Jeannette Mulvey of Business News Daily reports on data issued by the Institute for Women's Policy Research, showing that while 67% of Asian-American workers and 60% of white ones have paid sick days, only 56% of black workers and 42% of Hispanic ones do. Among white employees, 61% of men have sick days, compared to 59% of women. Interestingly, this is reversed among black and Hispanic workers — in these groups women are more likely to have paid sick leave. Eric Rodriguez of La Raza explains why the inequalities are a problem: "For many workers, including the majority of Latinos, taking a day off to attend to a sick child could mean losing their job."

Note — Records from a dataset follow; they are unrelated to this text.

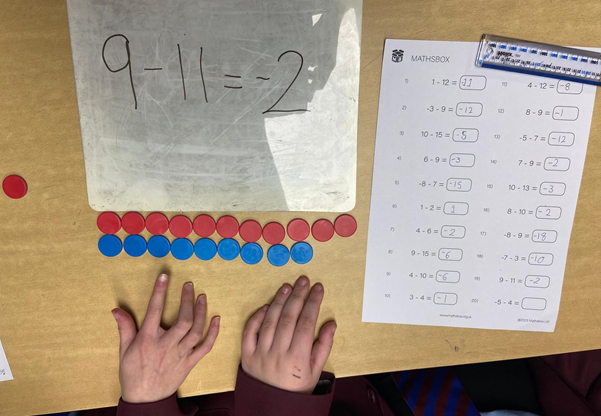 CrestwoodSchool's tweet photo. Well done to Esmay Year 7 Earth and Aria-Rae Year 7 Earth for their excellent work on negative numbers last week! They are using counters called manipulatives to help visualise how negative numbers work. https://t.co/7WWDrSbjjU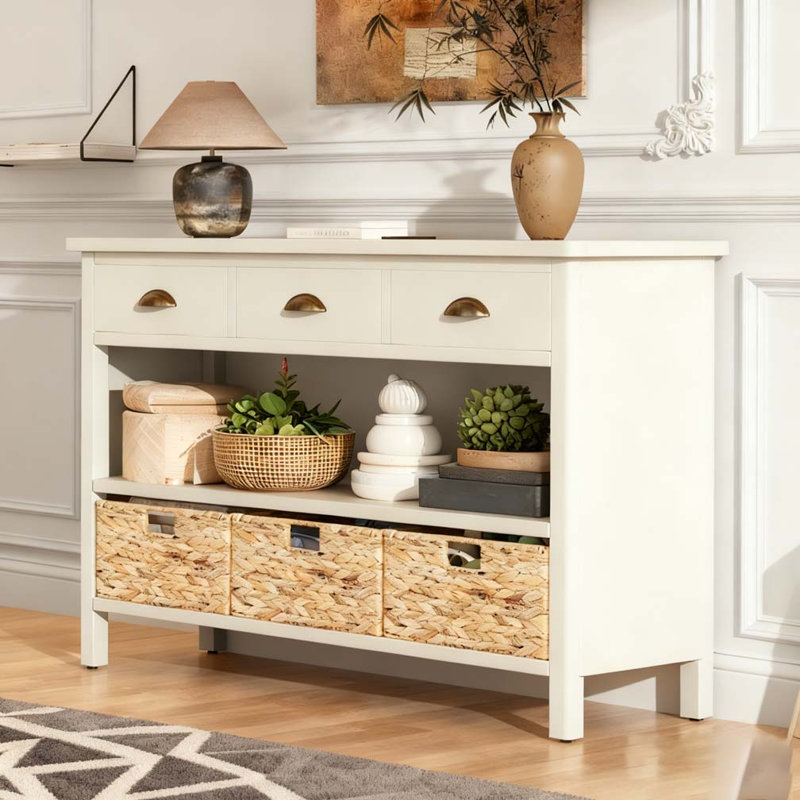 Console avec 3 tiroirs de rangement, Blanc antique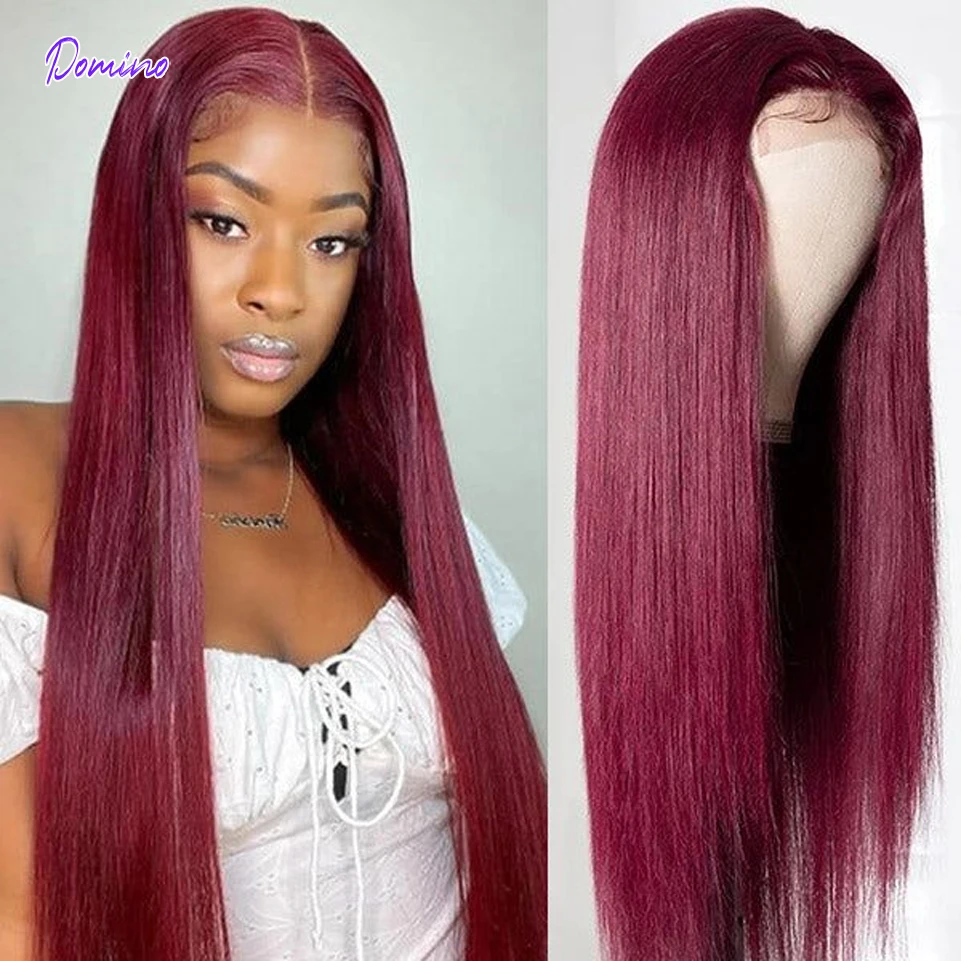 

99J Straight Hair Lace Front Human Hair Wigs With Natural Hairline T-part Lace Frontal Wigs Red Burgundy Pre-Plucked Remy Wigs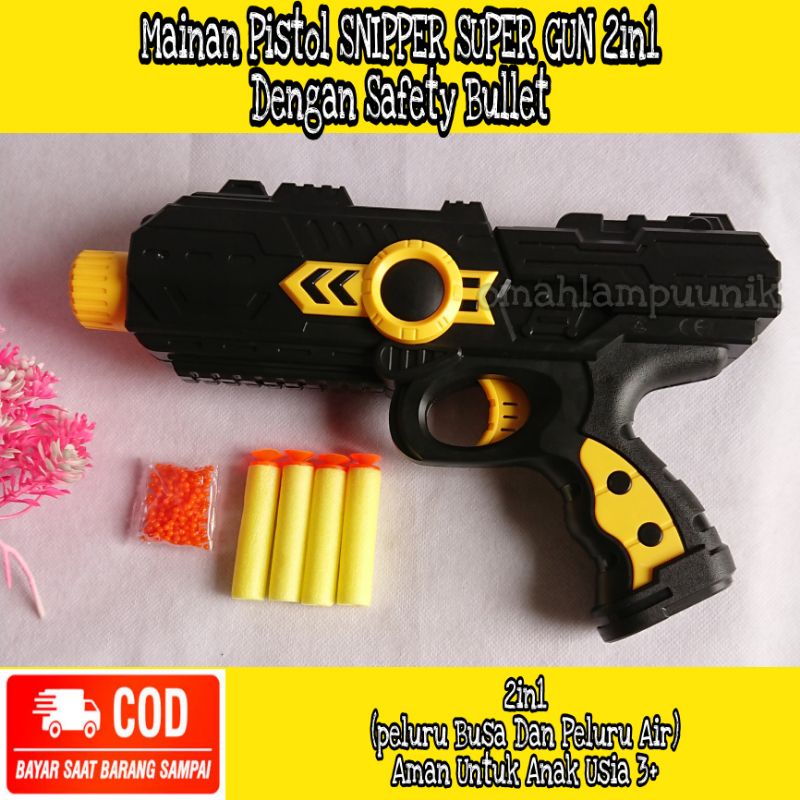 BISA COD Mainan Anak Pistol Tembakan Sniper Gun 2in1/Pistol Mainan 2in1 Dengan Peluru Busa Dan Pelur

Sick leave is something we all think about with respect to our own jobs, but it doesn't always come up in discussions of the wage gap and other socioeconomic issues. But as C. Nicole Mason, executive director of the Women of Color Policy Network tells Business News Daily, "Access to paid sick days is a racial justice issue." If female, black, and Hispanic workers are more likely to get fired they or their family members fall ill, their job security will never match that of white men — nor will their socioeconomic status. The IWPR report is a reminder that economic equality isn't just about pay — it's also about making sure that people can meet their health and family needs without jeopardizing their employment. Until that's true for all groups, we still have work to do.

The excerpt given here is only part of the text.